According to the IMF, revenue collection efforts are expected to continue to increase fiscal space for priority spending, while the overall budget deficit is projected at 4.5% of non-iron ore GDP.

 

The IMF said key structural reform areas for the country include: private sector development, financial sector development and access to financial services for small- and medium-sized enterprises, and public financial management.

 

“The mission and the Sierra Leonean authorities agreed that to consolidate progress made in recent years toward macroeconomic stability, and enhance prospects for broad-based and inclusive economic growth, it would be critical to maintain prudent and sound economic policies, advance structural reforms, and develop social protection systems.
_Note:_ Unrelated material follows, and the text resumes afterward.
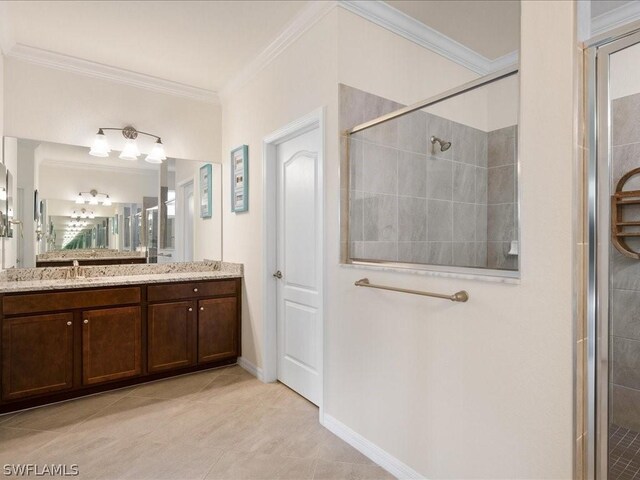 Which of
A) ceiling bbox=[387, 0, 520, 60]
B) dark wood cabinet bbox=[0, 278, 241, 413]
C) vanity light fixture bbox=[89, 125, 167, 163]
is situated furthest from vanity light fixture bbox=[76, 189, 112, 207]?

The authorities reiterated their commitment to fiscal discipline, tight monetary policy in support of single-digit inflation, and prudent borrowing,” Kabedi-Mbuyi said.

 

The IMF mission said preliminary data indicate that Sierra Leone’s macroeconomic developments were positive in the first half of 2013.

 

Also, it said economic activity was strong and consumer price inflation declined, while in the fiscal area, revenue performance exceeded expectations, and expenditure execution was consistent with budgetary appropriations.

 

“These developments augur well for the 2013 projections that set growth of real GDP at about 13%; the inflation rate at 9%; and the overall budget deficit at 3.1% of non-iron ore GDP,” Kabedi-Mbuyi affirmed.